九年前に急逝した能楽師・関根祥人。
わたしは、彼の舞台を初めて観たのは、確か1990年代中頃、『萬歳樂』といふ舞台だつた。
彼が舞台に登場すると、舞台上の空気が一変し、その一挙手一投足の動きと、彼の発することばの響きから、彫りの深い波が大きくうねりながら舞台上から客席後方へと拡がつてゆくのが感じられた。
そんな舞台は、それまでに観たことがなかつた。
しかし、これこそが、わたしが求めてゐる舞台芸術だ、さう、震へるやうな感動の中でわたしは感じ、その後、できうる限り彼の舞台を繰り返し観た。
能といふ舞台芸術が、極めて未来的な芸術であることを教へてくれたのは、能楽師は数多をれども、わたしにとつては彼ひとりであつた。
その彼が、2010年、五十歳の若さで急逝した。
その後、能といふ舞台芸術からわたしは遠ざかつてしまつた。
今日、住吉大社で、天皇陛下御即位記念の奉祝曲「大典」が演じられ、それを観てゐて、しきりに彼のことが思ひ出された。

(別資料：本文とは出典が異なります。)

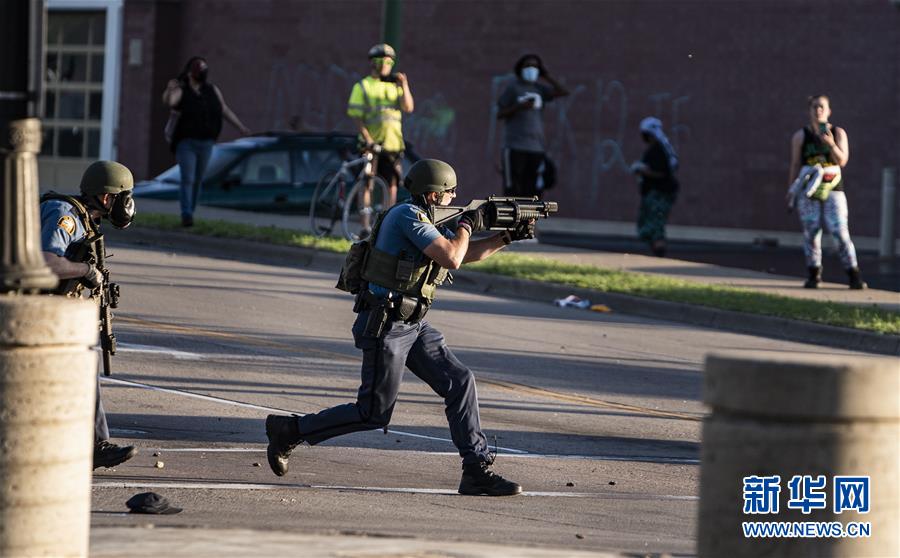 （國際）（1）美國警察執法動作不當致一名非裔男子死亡 引發大規?？棺h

からだとこころと精神の感官を研ぎ澄ませ、伝統の力を敏感に繊細に感じること。
さうしていかないと、伝統主義の虚偽を見破ることはできない。
それは、演じる者にとつても、観る者にとつてもだ。
もはや、伝統主義やお決まりのスタイルに拠りかかつてゐるだけでなく、清新な息吹きを舞台に吹き込まなければ。
そのとき、我が国の伝統が新しいかたちで甦る。